Economy Posts Promising Prospects
Nashville’s economy has advanced consistently in the past cycle, helping it withstand current volatility and mitigating some of the multifamily market’s current woes, at least when compared to larger, coastal metros. The average rent slid 0.2% on a trailing three-month basis through November, to $1,276. Meanwhile, the $1,465 U.S. average remained flat on a T3 basis for the fourth consecutive month.

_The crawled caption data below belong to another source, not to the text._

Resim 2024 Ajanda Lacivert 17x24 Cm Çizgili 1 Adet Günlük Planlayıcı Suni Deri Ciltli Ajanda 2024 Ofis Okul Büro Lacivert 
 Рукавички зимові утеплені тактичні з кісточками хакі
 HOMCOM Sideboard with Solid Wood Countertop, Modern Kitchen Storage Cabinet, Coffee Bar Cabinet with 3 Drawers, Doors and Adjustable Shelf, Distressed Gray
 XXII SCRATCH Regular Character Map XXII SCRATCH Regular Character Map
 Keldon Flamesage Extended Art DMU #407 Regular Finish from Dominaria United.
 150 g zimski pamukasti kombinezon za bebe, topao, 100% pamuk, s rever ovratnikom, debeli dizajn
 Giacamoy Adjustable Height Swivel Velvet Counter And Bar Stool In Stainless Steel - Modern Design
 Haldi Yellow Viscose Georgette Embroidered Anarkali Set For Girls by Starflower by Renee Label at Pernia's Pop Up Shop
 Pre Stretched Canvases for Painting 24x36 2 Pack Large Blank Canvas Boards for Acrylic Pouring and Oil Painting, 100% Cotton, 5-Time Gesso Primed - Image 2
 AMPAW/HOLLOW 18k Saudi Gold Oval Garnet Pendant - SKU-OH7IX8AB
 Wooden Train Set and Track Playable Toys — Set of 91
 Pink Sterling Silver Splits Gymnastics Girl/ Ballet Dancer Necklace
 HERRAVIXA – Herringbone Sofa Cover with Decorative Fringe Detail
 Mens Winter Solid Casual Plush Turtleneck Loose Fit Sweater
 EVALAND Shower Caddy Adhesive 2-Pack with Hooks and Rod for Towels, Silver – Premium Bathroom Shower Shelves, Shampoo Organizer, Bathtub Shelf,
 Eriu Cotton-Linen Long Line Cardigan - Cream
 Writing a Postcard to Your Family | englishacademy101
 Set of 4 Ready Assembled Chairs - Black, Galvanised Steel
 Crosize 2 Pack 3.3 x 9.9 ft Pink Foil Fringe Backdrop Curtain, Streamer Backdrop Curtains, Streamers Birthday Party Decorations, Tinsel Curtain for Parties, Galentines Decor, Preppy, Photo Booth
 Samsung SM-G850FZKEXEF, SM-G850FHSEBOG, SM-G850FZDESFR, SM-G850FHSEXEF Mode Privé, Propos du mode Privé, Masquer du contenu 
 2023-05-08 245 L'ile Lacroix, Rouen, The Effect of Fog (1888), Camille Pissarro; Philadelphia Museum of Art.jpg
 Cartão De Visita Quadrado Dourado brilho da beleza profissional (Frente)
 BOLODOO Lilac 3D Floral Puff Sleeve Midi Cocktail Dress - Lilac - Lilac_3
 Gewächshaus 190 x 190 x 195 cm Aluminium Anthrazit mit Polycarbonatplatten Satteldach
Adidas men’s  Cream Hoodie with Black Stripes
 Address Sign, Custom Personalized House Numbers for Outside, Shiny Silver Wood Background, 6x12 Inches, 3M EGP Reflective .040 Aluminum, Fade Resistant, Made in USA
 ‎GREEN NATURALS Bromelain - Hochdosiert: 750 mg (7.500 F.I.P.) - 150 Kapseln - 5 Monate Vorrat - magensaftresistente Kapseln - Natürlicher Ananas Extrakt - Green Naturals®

Employment posted a 7.7% decline in the 12 months ending in September, outperforming the -9.3% national rate. Although leisure and hospitality shrunk by nearly one-quarter during that time frame, construction and financial activities added jobs, expanding by 0.4% and 1.1%, respectively. The metro’s largest sectors—trade, transportation and utilities and professional and business services—withstood the pandemic’s blows and lost only a respective 0.1% and 3.1% of their workforce. Professional and business services is also poised for growth, as several companies moved ahead with relocations and expansions. Meanwhile, the unemployment rate dropped to 6.1% as of October, from the 15.2% April peak.
Both transactions and development rebounded in the third quarter of 2020. Nearly $1.1 billion in multifamily assets traded last year through November for a per-unit price that rose 13.2%, while developers had 13,809 units underway through December.